Mehr als seine überzeugenden Befunde zum kulturellen Feld (und mei-ner Erfahrungen in ihm) war es Bourdieus Reflexivität, die aus mir eine "Bourdieuanerin" gemacht hat. Als Künstlerin stellte ich sofort eine Übereinstimmung zwischen seiner soziologischen Methode und ortsspezifischer Institutionskritik fest, die sich in meinen Augen nur durch unterschiedliche Mittel und Felder unterschied. Und obwohl ich nie in der Lage war, die wissenschaftlichen Ansprüche in Bourdieus Arbeit zu beurteilen, sehe ich in seiner Reflexivität eine Wahrheitsbedingung jeder kritischen Praxis. Sie ist das, was wirklich zwischen Kritik, Intervention, einer möglichen Veränderung und der Reproduktion von Dominanzbeziehungen vermittelt, die sich im kulturellen Feld nicht weniger ausdrücken und legitimiert werden wie in jedem anderen. Wenn wir als Künstler und Intellektuelle unsere historisch erworbenen Freiheiten ausüben, indem wir "der Macht die Wahrheit sagen", dann sollten wir zuallererst über die Wahrheit unserer eigenen Macht sprechen. Jede andere kritische Praxis oder Theorie ist schlicht und einfach Arglist. Bourdieu hat nicht nur die Mittel zur Verfügung gestellt, um diese Wahrheit zu verstehen, sondern er hat auch beispielhafte Handlungsformen vorgegeben. Kulturelle Felder verleihen eine außerordentliche Autonomie, hat er einmal irgendwo geschrieben, vor allem dann, wenn man sie nicht als eine Waffe gegen andere oder als Mittel zur Verteidigung einsetzt, sondern sie benutzt, um die eigene Wachsamkeit zu erhöhen.
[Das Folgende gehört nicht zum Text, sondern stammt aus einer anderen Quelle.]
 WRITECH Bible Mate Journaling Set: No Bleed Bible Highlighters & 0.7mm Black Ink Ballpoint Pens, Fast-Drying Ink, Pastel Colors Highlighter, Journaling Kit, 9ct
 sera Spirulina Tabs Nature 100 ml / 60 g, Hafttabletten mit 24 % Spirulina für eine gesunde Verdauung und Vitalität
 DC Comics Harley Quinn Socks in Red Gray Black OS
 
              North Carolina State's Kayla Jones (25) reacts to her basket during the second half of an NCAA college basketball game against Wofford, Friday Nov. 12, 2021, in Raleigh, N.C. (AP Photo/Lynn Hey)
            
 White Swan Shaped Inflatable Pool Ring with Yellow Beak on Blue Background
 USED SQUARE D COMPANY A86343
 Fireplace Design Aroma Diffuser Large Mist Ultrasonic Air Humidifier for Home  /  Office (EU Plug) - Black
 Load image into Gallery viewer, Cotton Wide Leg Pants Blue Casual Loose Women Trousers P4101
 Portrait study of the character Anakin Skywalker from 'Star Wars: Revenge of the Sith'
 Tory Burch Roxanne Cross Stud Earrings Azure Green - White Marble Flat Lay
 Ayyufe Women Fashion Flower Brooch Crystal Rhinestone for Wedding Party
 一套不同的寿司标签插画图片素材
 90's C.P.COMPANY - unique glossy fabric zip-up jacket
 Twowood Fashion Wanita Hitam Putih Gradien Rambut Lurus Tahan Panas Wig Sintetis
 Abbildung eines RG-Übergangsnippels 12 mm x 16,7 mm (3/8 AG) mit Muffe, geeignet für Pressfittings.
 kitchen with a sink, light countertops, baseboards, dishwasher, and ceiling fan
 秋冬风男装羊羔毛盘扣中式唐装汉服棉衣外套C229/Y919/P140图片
Ich greife nach "Sozialer Raum und ‚Klassen'", Bourdieus Antrittsvorlesung am Collège de France. Sie beginnt wie folgt: "Eine Vorlesung - und sei sie inaugural - sollte man halten können, ohne sich fragen zu müssen, mit welchem Recht dies geschieht: die Institution ist dafür da, diese Frage abzuwenden wie auch die Beklemmung, die mit dem Charakter von Willkür und Beliebigkeit, der in allem Anfang sich in Erinnerung ruft, notwendig einhergeht." Damit entfernte sich Bourdieu sehr weit von den Möglichkeiten der Protektion, der Bürgschaft und der Rechtfertigung, die kulturell legitimierte Institutionen zu bieten haben. Und in dieser Entfernung hat er die einzige Öffnung geschaffen, durch die ich mir die Möglichkeit eines Zugangs vorstellen kann.